A verbatim transcript of the lines below, starting at the first and ending with the one that holds "a bathroom with a large", is what should be produced.

----------

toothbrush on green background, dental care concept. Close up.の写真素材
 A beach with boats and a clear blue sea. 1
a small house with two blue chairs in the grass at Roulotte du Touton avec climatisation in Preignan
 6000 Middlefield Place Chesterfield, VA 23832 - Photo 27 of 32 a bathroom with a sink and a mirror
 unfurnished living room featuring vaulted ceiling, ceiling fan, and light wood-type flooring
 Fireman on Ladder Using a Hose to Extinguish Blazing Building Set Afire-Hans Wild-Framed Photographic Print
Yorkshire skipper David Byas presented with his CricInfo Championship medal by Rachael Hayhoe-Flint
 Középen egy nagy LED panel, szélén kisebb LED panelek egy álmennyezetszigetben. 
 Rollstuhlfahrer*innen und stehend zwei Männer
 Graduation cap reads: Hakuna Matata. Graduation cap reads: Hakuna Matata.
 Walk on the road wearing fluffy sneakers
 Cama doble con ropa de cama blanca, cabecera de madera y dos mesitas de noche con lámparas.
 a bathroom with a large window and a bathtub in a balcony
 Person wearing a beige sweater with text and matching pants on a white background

----------

Result for this exercise:
toothbrush on green background, dental care concept. Close up.の写真素材
 A beach with boats and a clear blue sea. 1
a small house with two blue chairs in the grass at Roulotte du Touton avec climatisation in Preignan
 6000 Middlefield Place Chesterfield, VA 23832 - Photo 27 of 32 a bathroom with a sink and a mirror
 unfurnished living room featuring vaulted ceiling, ceiling fan, and light wood-type flooring
 Fireman on Ladder Using a Hose to Extinguish Blazing Building Set Afire-Hans Wild-Framed Photographic Print
Yorkshire skipper David Byas presented with his CricInfo Championship medal by Rachael Hayhoe-Flint
 Középen egy nagy LED panel, szélén kisebb LED panelek egy álmennyezetszigetben. 
 Rollstuhlfahrer*innen und stehend zwei Männer
 Graduation cap reads: Hakuna Matata. Graduation cap reads: Hakuna Matata.
 Walk on the road wearing fluffy sneakers
 Cama doble con ropa de cama blanca, cabecera de madera y dos mesitas de noche con lámparas.
 a bathroom with a large window and a bathtub in a balcony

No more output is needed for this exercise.